Ray Wilson gehört zu den produktivsten Songwritern der Gegenwart. Wer schafft es sonst schon, innerhalb von vier Monaten gleich zwei fantastische Alben auf den Markt zu schmeißen? Okay. Ursprünglich sollte es ein Doppelalbum werden, das die akustische Songwriter-Seite und die Progressive Rock Ader des Schotten zeigt. „Song For A Friend“ mit sehr persönlichen Gitarrenstücken liegt bereits seit Juni 2016 vor und begeistert mich immer noch. Nun folgt das traditionelle Bandalbum unter dem Titel „Makes Me Think Of Home“ nach.
Ray Wilson vereint viele Musikstile in sich. Folk, Pop, Rock, Blues – doch am bekanntesten ist er eigentlich für seine Ausflüge in den Progressive Rock. Und trotzdem muss man vielen Mitmenschen erst glaubhaft machen, dass er ernsthaft der Ex-Sänger von Genesis ist, auch wenn die meisten diese Epoche der Musikgeschichte verschlafen haben. Das macht auch nichts, denn seine Solowerke toppen an Kreativität alles, was er mit den Egomanen von Genesis hätte produzieren können. Ray Wilson schreibt fast durchweg persönliche, zu Herzen gehende Songs, die von seinem vielfältigen Leben und seinen Gedanken berichten.

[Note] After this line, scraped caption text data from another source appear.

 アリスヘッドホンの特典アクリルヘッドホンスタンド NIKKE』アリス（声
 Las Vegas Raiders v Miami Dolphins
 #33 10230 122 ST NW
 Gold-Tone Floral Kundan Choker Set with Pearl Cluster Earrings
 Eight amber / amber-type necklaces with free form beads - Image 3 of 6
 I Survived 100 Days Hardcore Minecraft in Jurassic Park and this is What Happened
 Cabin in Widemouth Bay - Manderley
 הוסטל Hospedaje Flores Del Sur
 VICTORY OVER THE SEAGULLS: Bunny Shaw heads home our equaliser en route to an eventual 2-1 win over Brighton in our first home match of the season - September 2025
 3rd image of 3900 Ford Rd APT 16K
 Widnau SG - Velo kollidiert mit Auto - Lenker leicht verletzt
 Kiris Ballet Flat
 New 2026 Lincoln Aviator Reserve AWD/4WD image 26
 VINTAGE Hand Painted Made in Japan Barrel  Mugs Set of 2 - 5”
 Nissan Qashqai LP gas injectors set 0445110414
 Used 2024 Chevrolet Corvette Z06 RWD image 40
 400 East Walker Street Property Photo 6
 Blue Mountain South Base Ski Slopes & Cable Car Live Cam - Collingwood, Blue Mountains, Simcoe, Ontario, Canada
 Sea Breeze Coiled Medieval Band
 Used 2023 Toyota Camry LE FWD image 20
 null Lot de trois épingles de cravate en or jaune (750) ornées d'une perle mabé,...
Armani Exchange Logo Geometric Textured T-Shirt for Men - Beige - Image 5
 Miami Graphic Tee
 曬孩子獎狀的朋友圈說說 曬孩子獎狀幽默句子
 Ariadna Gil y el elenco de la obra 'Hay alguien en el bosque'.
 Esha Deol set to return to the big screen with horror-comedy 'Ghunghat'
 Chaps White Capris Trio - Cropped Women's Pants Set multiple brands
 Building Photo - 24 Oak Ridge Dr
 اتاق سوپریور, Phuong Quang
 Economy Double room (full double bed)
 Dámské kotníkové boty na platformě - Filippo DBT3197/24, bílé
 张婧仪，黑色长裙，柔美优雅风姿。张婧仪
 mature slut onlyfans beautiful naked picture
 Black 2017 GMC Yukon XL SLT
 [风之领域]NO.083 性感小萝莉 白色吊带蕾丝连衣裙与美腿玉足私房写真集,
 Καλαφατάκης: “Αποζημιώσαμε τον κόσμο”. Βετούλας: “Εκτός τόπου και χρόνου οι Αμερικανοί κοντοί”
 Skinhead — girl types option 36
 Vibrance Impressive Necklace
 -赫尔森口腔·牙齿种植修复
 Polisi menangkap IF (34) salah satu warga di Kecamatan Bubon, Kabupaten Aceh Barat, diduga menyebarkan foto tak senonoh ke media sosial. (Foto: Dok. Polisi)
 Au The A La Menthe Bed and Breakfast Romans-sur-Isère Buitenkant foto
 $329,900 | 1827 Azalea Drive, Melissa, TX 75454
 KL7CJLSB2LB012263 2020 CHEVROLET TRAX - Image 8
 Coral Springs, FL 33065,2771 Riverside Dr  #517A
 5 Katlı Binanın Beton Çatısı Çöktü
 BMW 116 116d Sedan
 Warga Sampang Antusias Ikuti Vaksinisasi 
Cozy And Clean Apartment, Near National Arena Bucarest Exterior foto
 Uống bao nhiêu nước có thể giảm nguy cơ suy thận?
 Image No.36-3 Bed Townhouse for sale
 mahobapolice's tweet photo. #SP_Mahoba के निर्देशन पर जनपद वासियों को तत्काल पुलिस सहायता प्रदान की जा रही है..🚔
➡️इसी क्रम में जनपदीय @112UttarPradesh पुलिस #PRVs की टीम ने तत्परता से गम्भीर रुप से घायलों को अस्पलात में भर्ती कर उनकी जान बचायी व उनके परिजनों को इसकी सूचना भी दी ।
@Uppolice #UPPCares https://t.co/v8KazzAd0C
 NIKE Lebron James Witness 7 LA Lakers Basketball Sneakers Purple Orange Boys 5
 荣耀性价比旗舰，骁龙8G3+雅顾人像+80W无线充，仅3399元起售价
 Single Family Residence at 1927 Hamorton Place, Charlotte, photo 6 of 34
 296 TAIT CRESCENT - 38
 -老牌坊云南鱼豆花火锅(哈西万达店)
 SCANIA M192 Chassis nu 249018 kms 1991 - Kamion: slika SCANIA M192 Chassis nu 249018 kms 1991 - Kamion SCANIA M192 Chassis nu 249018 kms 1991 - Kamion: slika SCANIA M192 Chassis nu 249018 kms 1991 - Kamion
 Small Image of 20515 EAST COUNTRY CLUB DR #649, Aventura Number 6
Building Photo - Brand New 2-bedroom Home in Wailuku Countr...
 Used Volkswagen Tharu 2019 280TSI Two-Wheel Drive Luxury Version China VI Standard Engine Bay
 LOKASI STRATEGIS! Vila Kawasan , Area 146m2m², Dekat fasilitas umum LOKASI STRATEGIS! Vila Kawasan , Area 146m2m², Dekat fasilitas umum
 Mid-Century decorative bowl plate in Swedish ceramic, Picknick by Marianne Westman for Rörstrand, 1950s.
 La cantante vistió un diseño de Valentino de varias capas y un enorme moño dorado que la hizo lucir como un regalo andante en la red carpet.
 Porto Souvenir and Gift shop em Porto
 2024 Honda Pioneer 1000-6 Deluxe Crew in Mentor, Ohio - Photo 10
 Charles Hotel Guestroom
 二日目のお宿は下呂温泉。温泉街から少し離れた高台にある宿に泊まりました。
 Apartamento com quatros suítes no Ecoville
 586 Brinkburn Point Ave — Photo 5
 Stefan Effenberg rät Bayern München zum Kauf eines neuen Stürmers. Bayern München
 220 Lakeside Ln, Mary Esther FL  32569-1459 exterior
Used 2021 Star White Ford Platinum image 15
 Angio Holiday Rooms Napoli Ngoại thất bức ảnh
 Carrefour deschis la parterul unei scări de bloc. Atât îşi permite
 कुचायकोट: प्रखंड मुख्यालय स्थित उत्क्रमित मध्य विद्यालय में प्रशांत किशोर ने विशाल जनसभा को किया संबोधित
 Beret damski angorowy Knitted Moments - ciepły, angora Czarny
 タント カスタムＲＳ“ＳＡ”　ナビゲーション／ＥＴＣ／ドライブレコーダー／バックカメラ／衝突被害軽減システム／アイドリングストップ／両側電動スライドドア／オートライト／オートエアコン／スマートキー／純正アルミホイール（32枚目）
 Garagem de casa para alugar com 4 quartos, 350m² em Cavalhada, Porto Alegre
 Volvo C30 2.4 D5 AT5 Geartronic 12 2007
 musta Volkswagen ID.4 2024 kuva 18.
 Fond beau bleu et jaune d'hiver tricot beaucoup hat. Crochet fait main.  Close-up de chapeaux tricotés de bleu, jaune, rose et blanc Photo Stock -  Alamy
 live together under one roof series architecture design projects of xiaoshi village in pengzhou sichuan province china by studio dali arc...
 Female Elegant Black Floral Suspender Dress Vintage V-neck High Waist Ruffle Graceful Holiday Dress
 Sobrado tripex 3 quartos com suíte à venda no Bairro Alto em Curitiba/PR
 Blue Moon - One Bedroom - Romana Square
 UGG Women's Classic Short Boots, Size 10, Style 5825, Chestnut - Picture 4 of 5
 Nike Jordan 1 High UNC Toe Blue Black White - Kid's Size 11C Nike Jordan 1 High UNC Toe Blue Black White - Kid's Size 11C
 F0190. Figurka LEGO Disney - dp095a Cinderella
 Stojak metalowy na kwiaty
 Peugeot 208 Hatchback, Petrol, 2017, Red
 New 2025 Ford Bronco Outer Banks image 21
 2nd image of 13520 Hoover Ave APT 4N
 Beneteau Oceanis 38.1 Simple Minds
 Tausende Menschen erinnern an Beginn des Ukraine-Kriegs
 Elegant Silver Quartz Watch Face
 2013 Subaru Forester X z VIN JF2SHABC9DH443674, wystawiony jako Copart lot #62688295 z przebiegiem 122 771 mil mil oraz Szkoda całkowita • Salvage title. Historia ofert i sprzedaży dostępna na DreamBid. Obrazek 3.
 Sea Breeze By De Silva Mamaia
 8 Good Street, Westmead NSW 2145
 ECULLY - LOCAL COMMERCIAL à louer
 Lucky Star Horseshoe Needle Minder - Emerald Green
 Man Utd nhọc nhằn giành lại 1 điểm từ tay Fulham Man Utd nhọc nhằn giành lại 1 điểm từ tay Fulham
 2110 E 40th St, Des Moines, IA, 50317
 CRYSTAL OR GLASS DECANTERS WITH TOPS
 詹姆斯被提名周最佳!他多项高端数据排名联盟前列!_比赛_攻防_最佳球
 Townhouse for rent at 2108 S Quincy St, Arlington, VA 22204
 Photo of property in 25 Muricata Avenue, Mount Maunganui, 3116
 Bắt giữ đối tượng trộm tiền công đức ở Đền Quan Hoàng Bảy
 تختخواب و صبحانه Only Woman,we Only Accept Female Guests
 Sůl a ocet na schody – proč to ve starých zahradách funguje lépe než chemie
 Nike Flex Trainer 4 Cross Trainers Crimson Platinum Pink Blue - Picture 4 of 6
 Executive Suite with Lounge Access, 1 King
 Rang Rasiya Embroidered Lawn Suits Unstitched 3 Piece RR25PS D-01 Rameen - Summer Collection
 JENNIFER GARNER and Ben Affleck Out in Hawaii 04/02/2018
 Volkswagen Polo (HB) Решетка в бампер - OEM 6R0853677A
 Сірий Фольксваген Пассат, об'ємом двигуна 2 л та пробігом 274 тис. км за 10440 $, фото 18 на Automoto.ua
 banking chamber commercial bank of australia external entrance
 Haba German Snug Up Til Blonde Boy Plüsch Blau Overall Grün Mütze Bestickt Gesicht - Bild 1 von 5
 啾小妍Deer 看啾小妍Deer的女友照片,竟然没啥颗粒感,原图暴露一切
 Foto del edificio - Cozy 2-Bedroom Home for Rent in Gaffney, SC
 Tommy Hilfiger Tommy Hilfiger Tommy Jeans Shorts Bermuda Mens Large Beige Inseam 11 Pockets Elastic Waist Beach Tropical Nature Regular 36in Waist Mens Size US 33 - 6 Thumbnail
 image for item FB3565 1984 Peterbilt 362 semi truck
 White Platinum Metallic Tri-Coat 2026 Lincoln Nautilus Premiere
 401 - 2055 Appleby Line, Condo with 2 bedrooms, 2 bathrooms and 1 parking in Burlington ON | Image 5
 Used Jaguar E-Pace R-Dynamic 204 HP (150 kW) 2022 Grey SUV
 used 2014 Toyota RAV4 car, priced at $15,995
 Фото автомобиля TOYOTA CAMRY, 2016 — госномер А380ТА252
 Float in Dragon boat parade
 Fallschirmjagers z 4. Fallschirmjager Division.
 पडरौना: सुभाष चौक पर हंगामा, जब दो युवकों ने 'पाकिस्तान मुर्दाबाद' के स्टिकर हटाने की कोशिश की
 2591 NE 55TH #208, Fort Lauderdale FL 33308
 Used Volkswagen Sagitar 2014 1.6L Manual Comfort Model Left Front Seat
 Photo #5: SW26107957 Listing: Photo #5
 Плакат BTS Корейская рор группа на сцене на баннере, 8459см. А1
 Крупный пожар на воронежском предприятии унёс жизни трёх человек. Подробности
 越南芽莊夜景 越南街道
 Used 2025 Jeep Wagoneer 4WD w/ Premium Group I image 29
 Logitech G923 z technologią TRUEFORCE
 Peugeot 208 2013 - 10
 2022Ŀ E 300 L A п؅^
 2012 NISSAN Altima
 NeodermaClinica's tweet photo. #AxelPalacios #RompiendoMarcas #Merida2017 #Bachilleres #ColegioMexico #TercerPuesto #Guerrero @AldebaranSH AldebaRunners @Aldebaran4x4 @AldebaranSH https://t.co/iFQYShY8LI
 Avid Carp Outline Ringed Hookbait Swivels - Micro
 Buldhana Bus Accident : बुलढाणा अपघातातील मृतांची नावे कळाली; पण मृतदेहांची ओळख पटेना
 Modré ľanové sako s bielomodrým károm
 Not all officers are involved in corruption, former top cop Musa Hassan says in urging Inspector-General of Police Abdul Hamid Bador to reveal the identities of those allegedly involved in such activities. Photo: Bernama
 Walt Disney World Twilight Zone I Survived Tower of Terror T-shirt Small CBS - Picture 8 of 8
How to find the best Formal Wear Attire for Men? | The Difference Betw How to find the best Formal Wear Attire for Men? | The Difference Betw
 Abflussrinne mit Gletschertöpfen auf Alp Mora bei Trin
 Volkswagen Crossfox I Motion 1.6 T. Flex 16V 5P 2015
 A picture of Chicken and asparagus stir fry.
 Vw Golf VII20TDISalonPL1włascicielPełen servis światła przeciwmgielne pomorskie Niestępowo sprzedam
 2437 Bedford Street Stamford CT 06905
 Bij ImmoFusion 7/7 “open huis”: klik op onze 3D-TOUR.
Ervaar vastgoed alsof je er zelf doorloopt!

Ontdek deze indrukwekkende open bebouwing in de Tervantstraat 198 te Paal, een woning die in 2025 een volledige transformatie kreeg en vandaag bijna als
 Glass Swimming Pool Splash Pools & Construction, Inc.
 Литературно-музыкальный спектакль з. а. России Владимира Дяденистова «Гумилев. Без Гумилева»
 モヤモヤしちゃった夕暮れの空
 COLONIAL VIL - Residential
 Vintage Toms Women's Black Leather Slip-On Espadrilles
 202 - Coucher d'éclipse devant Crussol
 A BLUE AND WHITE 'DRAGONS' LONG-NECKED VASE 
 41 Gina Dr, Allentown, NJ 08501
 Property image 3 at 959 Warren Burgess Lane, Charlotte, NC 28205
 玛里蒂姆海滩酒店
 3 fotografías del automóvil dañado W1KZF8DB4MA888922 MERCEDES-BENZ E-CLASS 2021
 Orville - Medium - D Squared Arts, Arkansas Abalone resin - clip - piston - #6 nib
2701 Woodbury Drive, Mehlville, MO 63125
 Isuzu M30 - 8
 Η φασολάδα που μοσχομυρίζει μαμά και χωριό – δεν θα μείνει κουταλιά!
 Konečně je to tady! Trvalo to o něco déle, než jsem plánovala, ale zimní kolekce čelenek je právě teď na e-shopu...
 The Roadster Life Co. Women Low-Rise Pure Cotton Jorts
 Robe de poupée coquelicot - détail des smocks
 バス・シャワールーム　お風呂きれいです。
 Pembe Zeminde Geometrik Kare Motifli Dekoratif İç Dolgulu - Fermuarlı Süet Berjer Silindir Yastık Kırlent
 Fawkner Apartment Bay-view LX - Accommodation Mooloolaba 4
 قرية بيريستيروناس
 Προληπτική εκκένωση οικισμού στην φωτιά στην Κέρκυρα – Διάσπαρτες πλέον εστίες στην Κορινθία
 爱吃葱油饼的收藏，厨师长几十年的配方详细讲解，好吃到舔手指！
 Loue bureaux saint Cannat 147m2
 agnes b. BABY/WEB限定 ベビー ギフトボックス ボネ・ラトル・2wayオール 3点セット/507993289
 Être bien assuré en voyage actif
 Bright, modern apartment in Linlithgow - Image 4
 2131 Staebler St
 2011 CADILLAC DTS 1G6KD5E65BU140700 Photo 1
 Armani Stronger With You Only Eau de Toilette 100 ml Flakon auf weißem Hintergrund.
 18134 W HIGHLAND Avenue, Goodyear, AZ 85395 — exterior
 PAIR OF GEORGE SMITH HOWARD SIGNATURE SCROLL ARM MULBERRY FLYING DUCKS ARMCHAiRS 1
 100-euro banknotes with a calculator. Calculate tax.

„They Never Should Have Sent You Roses“ erzählt die tragische Geschichte vom schottischen Jungen, der von seiner englischen Freundin verlassen wird und Selbstmord begeht. „The Next Life“ ist eine Hymne an das Leben, wenn schwere Erkrankungen (Alkoholismus) drohen oder man sie im Bekanntenkreis erlebt hat. „Tennessee Mountain“ und „Worship The Sun“ berichten vom schwierigen Leben in einer kargen Landschaft. Und „Makes Me Think Of Home“ wird zum 8minütigen Paradestück, wenn Ray Wilson, der inzwischen in Polen eine Liebe und ein Zuhause gefunden hat, vom schwierigen Verhältnis zu seiner Heimat Schottland berichtet.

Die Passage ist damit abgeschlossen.